LANDOVER, Md. — Talk about not living up to the hype.
The duel between Browns quarterbacks Brian Hoyer and Johnny Manziel against Washington on Monday night at FedExField disappointed in almost unimaginable fashion because neither player made strides nor a strong case he should become the starter heading into the upcoming season.
The veteran and rookie combined to deliver perhaps the biggest dud since the Y2K scare. Despite all the hoopla, nothing of significance happened with the Browns’ top two quarterbacks in the team’s second preseason game.
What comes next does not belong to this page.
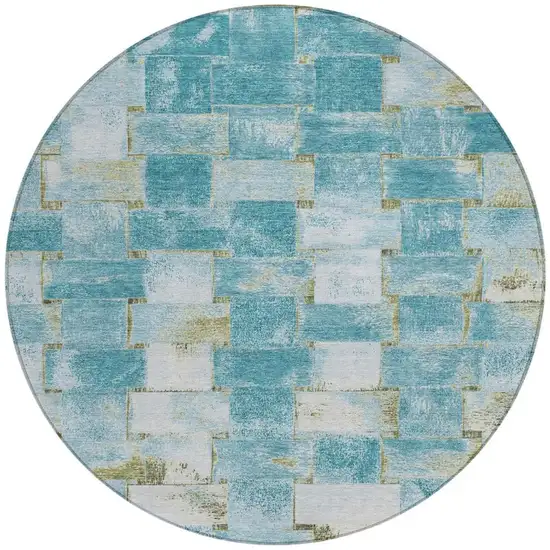 8' Teal Blue And Khaki Round Striped Washable Indoor Outdoor Area Rug Photo 3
The most talked about moment came when Manziel was caught on camera sticking his middle finger in the air late in the third quarter.
The primetime showdown, nationally televised on ESPN’s Monday Night Football, was supposed to be their final audition before a victor was scheduled to be declared.
The Browns planned to meet today to choose one of them as the starter for the Sept. 7 regular-season opener at Pittsburgh.
But why wouldn’t Browns coach Mike Pettine call an audible and force the quarterback derby into overtime after Monday night’s debacle?
Pettine has said a committee led by him, offensive coordinator Kyle Shanahan and quarterbacks coach Dowell Loggains will make the decision. Pettine made it clear he would exercise his power to break a tie should one occur.
There was a tie Monday night, but it was a dead heat in futility.
Pettine has said all along he wants to name a starting quarterback before the team’s third exhibition game Saturday against St. Louis. He wants the starter to have an opportunity to build chemistry with his supporting cast during a “dress rehearsal” in which the first-team offense will likely play into the third quarter in preparation for Week 1.
Right now, there is no semblance of cohesion on offense. The Browns squandered several opportunities to capitalize on the playmaking abilities of their defense and trailed 7-3 at halftime on their way to a 24-23 loss.
Hoyer appeared to be a slight front-runner over Manziel heading into the game, and he received the starting nod. Hoyer played four series, plus one play at the end of the second quarter. He faced Washington’s first-team defense during his first two series.
Hoyer completed just two of six passes for 16 yards. His longest pass went for 12 yards, and he finished with a passer rating of 42.4.
Manziel entered the game with 5:26 left in the second quarter after Hoyer took the first two series. He played two series in the first half, both of which were against Washington’s starters. He completed two of seven passes for 29 yards and a rating of 44.3 through the first two quarters.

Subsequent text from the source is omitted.